There is no doubt that American race relations have come a long way in the last 60 years. On Tuesday, November 3, a panel of incredibly distinguished guests came to Georgetown to celebrate the life and legacy of the Rev. Jesse Jackson. Rev. Al Sharpton, Laura Murphy of the ACLU, Professor Michael Dyson and his esteemed wife, Rev. Marcia Dyson, among many others, marked Jackson's contributions to the political landscape.

Couched in Biblical allusions, they sought to focus our attention on the struggles and victories of Black America’s years in the wasteland, the 40 years between the death of Martin Luther King, Jr. and the election of President Barack Obama. King’s generation led them across the River Jordan, but before they reached the Promised Land African-Americans were forced to toil in the desert. They suggested Jackson’s work in protecting the legislation passed by the SCLC and the NAACP paved the way for Obama’s 2008 election. The panel lauded Jackson’s influence personally and politically, highlighting his tireless efforts to reframe the conversation. By the very nature of the event, the focus of discussions was the past, leaving the audience with a strange sense that Obama’s election had eradicated America’s “race issue.”

It was only when Jackson took the podium himself that the praise and adulation ended and the focus returned to the current climate. While the laws have been reformed and significant goals have been accomplished, Jackson called into question America’s underlying values. He pointed to persistent perceptions of the black man and woman in American society. With Coach John Tompson II and Coach John Tompson III in the audience, he called into question how White America perceives Black America’s great success on the basketball court and on the football field.
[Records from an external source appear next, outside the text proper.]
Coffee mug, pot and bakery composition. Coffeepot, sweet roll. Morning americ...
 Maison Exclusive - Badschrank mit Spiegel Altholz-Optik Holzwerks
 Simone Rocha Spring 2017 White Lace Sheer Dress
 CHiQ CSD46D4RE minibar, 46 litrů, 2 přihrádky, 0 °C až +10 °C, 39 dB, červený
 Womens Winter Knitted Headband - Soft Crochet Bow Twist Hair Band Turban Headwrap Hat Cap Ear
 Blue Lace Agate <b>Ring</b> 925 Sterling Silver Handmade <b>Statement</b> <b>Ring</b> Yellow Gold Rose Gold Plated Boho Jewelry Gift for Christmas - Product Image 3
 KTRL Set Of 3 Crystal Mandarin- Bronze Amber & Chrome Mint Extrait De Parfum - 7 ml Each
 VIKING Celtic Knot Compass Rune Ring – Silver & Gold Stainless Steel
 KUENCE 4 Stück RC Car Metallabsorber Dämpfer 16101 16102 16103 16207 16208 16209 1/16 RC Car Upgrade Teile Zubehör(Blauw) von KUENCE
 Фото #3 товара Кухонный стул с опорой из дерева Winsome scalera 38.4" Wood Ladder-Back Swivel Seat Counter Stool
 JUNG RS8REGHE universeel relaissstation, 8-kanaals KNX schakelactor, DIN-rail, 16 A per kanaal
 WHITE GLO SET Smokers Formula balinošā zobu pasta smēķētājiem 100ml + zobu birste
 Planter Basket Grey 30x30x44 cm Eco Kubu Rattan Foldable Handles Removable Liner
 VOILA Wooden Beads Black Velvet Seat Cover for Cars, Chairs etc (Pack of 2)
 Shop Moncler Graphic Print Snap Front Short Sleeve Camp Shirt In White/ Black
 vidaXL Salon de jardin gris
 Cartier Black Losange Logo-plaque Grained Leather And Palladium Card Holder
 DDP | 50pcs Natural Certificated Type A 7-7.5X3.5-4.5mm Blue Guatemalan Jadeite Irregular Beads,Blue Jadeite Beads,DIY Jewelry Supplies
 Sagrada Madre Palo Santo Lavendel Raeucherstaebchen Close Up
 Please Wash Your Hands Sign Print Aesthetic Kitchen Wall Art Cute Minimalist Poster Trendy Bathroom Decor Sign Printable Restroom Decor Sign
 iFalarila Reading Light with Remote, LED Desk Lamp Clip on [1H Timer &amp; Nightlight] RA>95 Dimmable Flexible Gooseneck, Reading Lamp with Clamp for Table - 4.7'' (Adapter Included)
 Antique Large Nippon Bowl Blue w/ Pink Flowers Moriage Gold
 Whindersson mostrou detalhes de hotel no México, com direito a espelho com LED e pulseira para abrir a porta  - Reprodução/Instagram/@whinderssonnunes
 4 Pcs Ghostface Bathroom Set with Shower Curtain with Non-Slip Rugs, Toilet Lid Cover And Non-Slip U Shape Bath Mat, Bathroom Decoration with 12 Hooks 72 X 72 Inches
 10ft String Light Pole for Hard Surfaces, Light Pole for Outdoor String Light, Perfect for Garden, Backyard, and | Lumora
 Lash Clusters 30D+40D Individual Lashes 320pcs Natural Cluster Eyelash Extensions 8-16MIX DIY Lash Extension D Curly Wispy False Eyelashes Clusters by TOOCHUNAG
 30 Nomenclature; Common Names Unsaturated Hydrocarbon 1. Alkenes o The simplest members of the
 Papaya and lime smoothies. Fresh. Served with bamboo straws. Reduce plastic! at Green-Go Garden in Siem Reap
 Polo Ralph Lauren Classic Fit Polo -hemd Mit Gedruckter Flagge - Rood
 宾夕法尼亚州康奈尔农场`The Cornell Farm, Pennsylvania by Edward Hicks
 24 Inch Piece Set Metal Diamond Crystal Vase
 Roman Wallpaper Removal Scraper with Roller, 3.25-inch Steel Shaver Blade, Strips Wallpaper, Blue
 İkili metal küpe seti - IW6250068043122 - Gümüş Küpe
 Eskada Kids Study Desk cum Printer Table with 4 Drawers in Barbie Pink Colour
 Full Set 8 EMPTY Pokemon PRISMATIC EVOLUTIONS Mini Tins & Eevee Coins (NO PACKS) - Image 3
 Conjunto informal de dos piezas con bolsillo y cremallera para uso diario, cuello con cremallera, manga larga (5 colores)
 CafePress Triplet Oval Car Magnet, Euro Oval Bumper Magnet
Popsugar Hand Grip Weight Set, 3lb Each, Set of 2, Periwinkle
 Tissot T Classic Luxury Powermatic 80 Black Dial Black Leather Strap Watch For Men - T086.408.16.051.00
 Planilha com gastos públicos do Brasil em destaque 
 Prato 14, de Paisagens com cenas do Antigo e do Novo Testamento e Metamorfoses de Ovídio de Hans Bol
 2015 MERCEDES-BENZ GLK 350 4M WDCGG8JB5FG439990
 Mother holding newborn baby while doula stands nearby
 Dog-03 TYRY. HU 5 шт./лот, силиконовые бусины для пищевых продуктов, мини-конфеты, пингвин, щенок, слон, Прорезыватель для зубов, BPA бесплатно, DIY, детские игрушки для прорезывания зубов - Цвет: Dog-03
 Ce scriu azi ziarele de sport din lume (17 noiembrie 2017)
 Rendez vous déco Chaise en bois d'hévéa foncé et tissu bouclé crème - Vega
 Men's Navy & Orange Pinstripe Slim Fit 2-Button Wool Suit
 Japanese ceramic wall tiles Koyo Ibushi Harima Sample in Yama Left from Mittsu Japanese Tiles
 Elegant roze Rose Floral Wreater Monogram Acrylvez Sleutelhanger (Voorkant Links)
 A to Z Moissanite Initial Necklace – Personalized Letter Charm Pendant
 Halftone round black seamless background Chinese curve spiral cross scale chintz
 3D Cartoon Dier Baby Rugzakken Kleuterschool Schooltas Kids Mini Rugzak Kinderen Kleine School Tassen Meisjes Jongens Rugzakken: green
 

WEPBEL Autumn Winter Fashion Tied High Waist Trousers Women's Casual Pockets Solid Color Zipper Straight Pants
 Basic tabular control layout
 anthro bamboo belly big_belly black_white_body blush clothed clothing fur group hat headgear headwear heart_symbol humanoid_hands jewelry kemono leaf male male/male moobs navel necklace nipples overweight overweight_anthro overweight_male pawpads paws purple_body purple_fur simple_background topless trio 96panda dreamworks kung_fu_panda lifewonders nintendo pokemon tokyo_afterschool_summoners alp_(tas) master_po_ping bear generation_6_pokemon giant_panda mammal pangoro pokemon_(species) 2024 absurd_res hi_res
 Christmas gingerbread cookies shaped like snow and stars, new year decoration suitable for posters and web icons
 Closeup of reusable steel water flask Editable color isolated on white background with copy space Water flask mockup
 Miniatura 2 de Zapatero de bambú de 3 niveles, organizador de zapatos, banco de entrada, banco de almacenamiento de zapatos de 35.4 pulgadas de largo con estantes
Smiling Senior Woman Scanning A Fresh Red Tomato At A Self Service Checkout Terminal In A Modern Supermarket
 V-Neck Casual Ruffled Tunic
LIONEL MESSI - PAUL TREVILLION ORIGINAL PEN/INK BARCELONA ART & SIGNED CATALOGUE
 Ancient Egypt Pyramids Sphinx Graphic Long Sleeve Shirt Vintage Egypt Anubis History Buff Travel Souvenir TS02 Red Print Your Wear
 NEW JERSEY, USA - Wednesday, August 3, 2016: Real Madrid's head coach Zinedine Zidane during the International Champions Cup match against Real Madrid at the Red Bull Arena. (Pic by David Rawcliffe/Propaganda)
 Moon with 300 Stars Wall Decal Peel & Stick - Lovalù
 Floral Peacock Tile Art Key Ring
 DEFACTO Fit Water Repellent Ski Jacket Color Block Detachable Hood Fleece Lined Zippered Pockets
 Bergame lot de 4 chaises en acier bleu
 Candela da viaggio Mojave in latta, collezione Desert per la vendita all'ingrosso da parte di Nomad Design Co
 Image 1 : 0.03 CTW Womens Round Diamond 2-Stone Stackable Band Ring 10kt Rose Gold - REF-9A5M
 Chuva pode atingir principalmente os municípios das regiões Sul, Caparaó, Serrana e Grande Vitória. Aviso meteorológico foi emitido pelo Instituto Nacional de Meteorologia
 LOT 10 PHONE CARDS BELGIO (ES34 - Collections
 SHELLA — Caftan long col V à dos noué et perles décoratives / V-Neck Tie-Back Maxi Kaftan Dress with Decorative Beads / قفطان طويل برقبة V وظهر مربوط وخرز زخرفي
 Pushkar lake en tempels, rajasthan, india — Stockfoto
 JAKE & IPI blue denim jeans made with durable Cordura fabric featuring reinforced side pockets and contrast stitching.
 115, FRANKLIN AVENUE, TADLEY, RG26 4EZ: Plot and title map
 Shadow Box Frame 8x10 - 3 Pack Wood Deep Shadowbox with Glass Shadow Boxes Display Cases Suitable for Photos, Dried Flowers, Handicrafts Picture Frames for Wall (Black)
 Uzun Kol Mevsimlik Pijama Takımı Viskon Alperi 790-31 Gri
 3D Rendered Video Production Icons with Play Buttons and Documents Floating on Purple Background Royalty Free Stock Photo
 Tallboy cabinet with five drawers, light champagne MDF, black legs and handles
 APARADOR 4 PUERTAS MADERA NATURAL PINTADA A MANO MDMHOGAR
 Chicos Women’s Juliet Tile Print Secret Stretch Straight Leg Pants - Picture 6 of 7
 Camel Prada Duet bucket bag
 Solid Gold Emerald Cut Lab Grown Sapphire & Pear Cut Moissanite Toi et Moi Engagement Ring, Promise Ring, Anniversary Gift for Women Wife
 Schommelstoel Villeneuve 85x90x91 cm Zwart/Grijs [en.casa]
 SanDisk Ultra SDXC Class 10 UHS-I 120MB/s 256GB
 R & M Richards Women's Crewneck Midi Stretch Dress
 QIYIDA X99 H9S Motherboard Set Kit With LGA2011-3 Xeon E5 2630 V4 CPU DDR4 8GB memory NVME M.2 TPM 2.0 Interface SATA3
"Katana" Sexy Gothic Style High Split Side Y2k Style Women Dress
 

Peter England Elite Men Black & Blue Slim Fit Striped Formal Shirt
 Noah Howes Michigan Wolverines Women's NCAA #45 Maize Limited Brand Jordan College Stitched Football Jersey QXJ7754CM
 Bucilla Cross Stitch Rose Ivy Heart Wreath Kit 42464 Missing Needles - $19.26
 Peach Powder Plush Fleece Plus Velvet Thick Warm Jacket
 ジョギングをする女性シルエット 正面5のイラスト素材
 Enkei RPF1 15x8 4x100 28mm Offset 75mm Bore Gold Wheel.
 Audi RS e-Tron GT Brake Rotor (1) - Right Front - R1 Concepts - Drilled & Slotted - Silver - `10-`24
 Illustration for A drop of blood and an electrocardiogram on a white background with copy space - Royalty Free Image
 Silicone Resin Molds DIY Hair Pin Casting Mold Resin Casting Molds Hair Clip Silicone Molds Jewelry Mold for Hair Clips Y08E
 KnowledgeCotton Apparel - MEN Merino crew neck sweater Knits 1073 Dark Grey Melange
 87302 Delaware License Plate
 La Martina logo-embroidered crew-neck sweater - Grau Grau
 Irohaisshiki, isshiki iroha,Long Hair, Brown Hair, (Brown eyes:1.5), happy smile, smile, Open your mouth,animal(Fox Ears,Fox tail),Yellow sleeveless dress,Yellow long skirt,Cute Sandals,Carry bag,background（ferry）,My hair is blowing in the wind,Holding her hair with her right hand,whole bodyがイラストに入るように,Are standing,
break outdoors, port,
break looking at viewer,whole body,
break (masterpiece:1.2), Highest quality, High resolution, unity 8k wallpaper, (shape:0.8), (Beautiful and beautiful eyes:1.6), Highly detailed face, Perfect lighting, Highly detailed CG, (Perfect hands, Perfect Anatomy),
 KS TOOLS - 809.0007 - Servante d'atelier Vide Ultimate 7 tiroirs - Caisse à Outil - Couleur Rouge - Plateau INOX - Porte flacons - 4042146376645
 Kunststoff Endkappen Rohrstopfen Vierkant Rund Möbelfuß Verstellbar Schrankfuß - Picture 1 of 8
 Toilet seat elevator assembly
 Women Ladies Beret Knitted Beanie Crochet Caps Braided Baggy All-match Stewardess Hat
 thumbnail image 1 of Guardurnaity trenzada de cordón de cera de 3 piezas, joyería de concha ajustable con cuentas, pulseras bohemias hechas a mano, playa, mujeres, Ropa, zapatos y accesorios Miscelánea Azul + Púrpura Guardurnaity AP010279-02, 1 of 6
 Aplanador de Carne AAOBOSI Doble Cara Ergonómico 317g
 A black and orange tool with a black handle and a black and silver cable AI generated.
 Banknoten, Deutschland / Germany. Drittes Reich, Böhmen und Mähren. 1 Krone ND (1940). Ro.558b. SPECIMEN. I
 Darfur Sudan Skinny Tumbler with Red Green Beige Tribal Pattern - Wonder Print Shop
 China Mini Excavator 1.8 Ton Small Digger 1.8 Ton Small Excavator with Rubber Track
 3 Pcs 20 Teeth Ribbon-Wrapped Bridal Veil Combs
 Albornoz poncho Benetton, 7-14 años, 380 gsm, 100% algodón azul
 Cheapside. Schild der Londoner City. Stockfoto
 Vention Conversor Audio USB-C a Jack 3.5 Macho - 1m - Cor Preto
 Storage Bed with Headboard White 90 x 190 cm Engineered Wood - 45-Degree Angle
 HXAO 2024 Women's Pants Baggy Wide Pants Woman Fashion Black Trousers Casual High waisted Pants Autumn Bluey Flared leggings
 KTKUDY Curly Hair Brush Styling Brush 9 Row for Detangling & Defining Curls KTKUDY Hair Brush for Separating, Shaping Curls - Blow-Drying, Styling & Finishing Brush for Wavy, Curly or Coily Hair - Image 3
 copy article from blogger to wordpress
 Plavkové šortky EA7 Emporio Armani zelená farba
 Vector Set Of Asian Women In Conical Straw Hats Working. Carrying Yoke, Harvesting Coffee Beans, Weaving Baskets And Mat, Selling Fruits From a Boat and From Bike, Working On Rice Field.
Are we creating a new kind of institutionalized racism, which continues to propagate the idea that African-Americans are only to be valued for what they do for white Americans, be it on the field or in music or television? He is not suggesting that young black men and women reject athletics or belittling the work great coaches do in mentoring, but simply pointing to the future issues in race relations. Equality of opportunity suggests an even playing field in every measure of private and public life.

Millennials are less likely to hold strong racial prejudice or to overtly discriminate on the basis of race. If pushed, many of my peers are likely to admit that we think of America in 2011 as at least moving toward a post-racial society. All of things are positive viewpoints, yet they often gloss over real racial tension. We are less likely to fight against oppression if we are convinced it no longer is a pertinent issue. The racism and proceeding deprivation of basic human rights that occurred until the mid to late 20th century undeniably contradicted the basic values Americans supposedly professed. Rev. Jackson reminded us that as progress is made these contradictions are pushed further behind facades of equality until as a society we are complacent. There is no shame in celebrating how far we have come in finally universalizing our inalienable rights, but we should never let our joy get in the way of the work still left to be done.